## What needs to be done:
Of the lines in the material below, print only those from the one containing "10210 NE 23rd" to the one containing "KIA CEED 1.6", ends included, exactly as written and without pictures.

## Supplied data:
—————
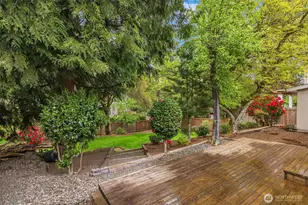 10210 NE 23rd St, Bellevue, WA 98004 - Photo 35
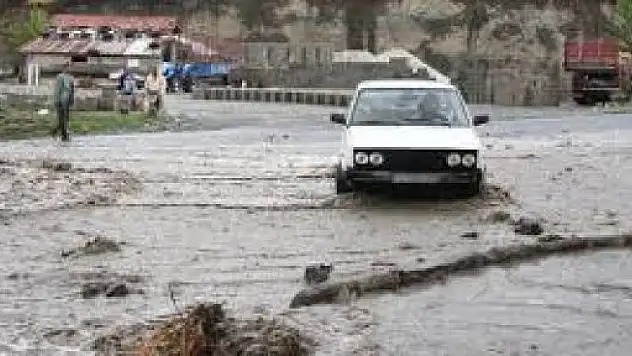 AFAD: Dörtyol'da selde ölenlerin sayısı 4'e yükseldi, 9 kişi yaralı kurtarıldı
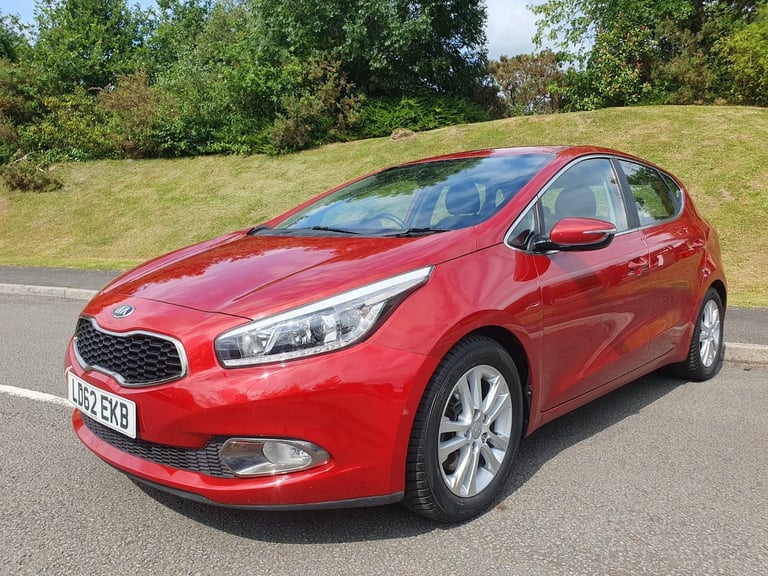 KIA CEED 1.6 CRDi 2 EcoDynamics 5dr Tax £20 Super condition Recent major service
—————
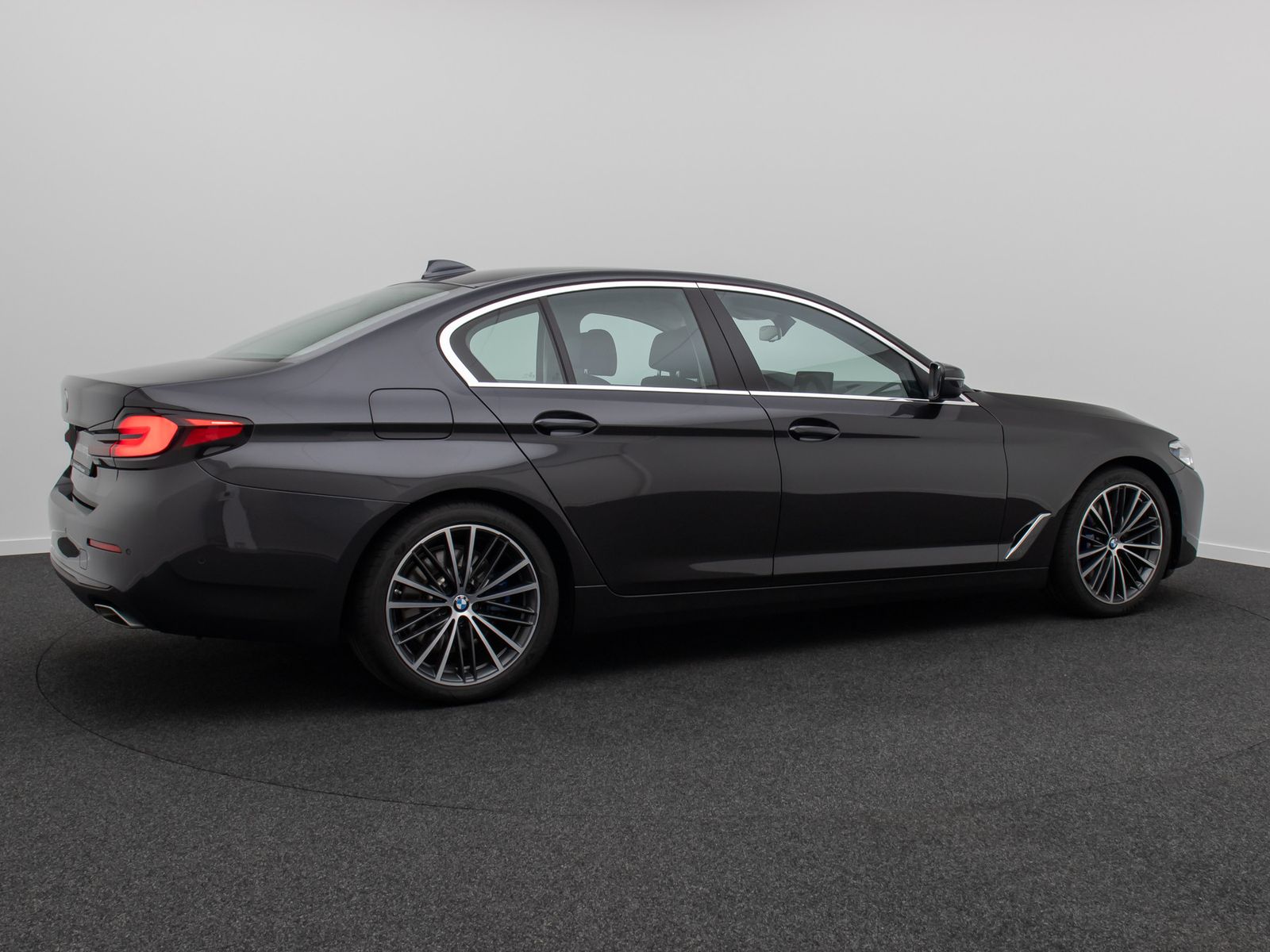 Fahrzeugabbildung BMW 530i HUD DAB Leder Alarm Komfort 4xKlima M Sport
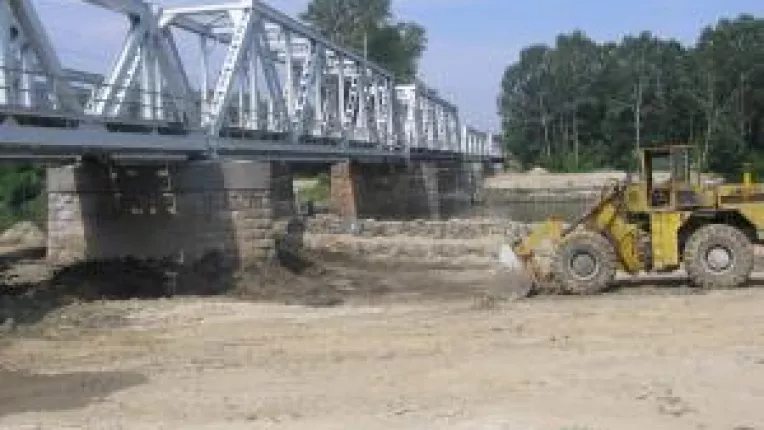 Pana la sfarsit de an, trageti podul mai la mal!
—————
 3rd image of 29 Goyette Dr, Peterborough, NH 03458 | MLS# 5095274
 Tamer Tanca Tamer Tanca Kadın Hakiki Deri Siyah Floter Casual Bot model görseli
—————
## Task output:
 10210 NE 23rd St, Bellevue, WA 98004 - Photo 35
 AFAD: Dörtyol'da selde ölenlerin sayısı 4'e yükseldi, 9 kişi yaralı kurtarıldı
 KIA CEED 1.6 CRDi 2 EcoDynamics 5dr Tax £20 Super condition Recent major service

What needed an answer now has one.